There was something liberating about being alone in a new city. I became independent. Gone were the days where I woke up and breakfast was ready on the table. Bills to be paid arrived promptly every month. Clothes needed to be laundered within two weeks or you risk wearing the same underwear. During the first few months, I went to the Art Institute two blocks from where I live, every week. I finally tried a cheeseburger and actually managed to finish it. I was free to do whatever I want… to recreate a part of myself that was a little broken and maybe a little lost.
Being in Chicago was like having a girlfriend on her period. Weather and emotions… but mostly weather, were poles apart. Nevertheless, I survived and one day, I looked at my apartment window realizing – this is home. There were instances where I would be walking down Michigan Avenue and I would be thinking, “I can’t believe I’m here!” But throughout the years, Manila became a hazy memory, full of what ifs and never agains. When it was time for me to leave, I didn’t want to. Chicago is home. Alas, a new adventure must begin and I decided to move to Tokyo.
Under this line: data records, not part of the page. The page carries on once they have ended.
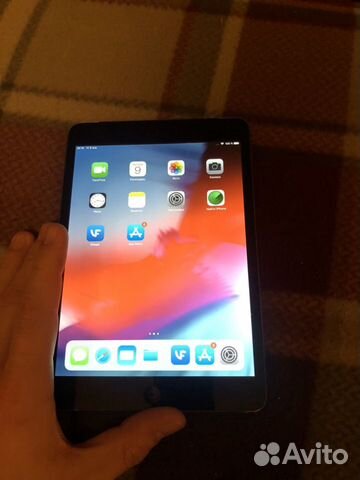 iPad Mini 2 LTE с чехлом с клавиатурой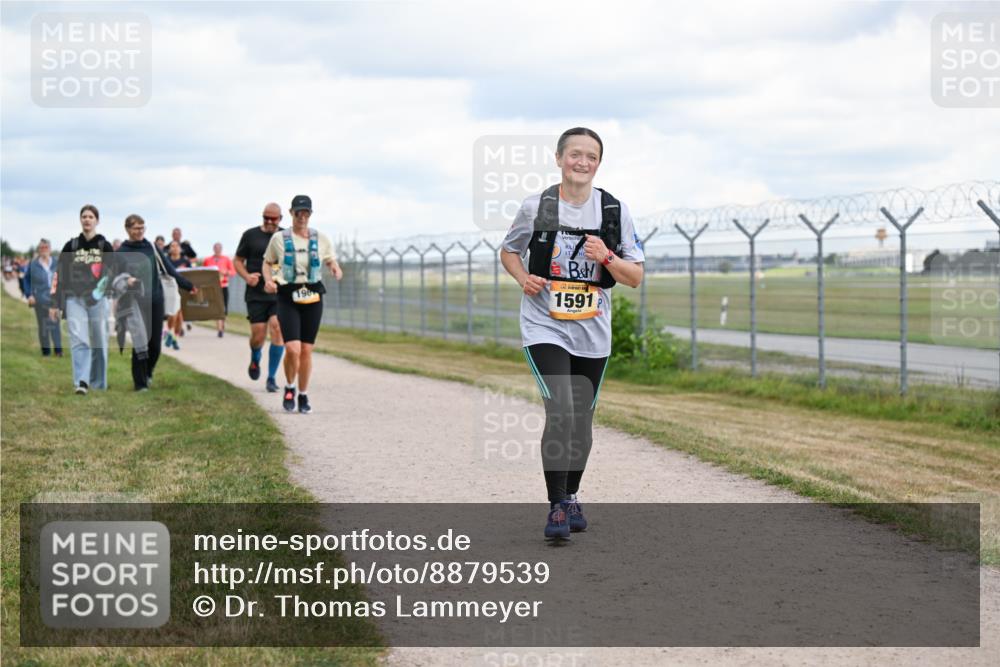 14.09.2025 - Airport Race Dr. Thomas Lammeyer http://msf.ph/oto/8879539 14.09.2025 12:28:50 Laufen 1591 meine-sportfotos.de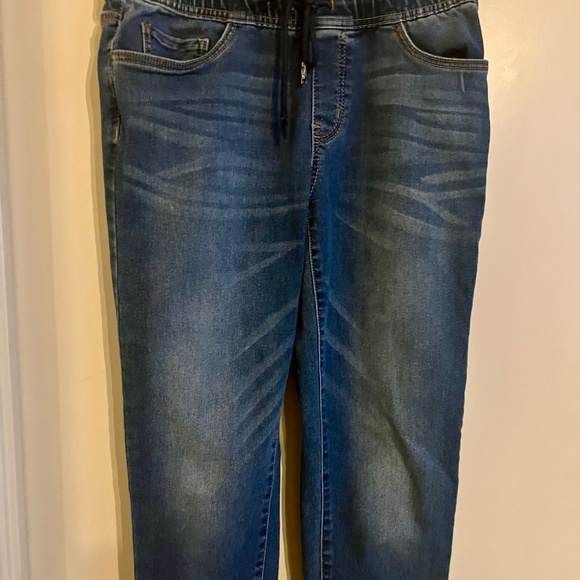 Jogging Style Jeans - Picture 3 of 6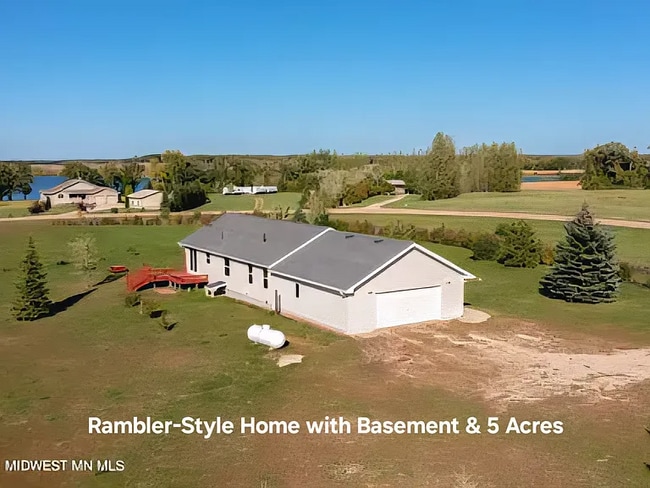 20998 S Sand Lake Rd in Pelican Rapids, MN - Building Photo - Building Photo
I’ve been to Tokyo a couple of times throughout my life, mainly because my mom lives here. But this experience is definitely different. I’m going to be thoroughly immersed in the culture, more so than my younger self who was content in touristy traps and Disneyland. I’m stepping into the great unknown once again. I don’t regret my decisions because it made me grow and learn things that I would otherwise not learn in a comfortable space. It’s certainly exciting but definitely more terrifying than I imagined it would be. It’s worth it though… Because my explorations resulted into knowledge and that knowledge turned to confidence. The confidence I nurtured, gave rise to my happiness. At the end, that is what’s most important.